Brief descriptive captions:
○ ○ ○ ○ ○

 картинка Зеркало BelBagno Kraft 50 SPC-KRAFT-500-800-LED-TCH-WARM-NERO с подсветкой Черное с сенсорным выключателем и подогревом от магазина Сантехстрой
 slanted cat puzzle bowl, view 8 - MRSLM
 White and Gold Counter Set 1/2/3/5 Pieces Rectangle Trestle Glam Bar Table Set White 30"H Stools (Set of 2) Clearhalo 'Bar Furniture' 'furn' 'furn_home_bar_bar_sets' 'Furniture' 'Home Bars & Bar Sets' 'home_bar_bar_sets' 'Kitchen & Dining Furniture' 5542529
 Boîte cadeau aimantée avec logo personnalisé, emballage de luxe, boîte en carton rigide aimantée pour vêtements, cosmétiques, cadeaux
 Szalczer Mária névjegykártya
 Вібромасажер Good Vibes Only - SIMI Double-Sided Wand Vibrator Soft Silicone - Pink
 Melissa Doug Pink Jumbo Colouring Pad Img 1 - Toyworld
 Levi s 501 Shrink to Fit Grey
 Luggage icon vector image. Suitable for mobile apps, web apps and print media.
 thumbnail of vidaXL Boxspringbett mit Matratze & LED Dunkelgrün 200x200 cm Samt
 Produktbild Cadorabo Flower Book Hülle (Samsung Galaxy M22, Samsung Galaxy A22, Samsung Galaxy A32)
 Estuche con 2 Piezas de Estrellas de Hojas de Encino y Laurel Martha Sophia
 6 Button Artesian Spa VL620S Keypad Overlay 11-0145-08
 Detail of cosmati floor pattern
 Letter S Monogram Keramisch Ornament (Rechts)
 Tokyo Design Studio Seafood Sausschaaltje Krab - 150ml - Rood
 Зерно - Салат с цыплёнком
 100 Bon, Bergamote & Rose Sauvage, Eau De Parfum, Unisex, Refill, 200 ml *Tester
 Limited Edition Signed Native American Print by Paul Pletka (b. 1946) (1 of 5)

○ ○ ○ ○ ○

| Required work |
Among the records above, find the lines that contain "Pink" and copy every one.

| Result of this exercise |
 Вібромасажер Good Vibes Only - SIMI Double-Sided Wand Vibrator Soft Silicone - Pink
 Melissa Doug Pink Jumbo Colouring Pad Img 1 - Toyworld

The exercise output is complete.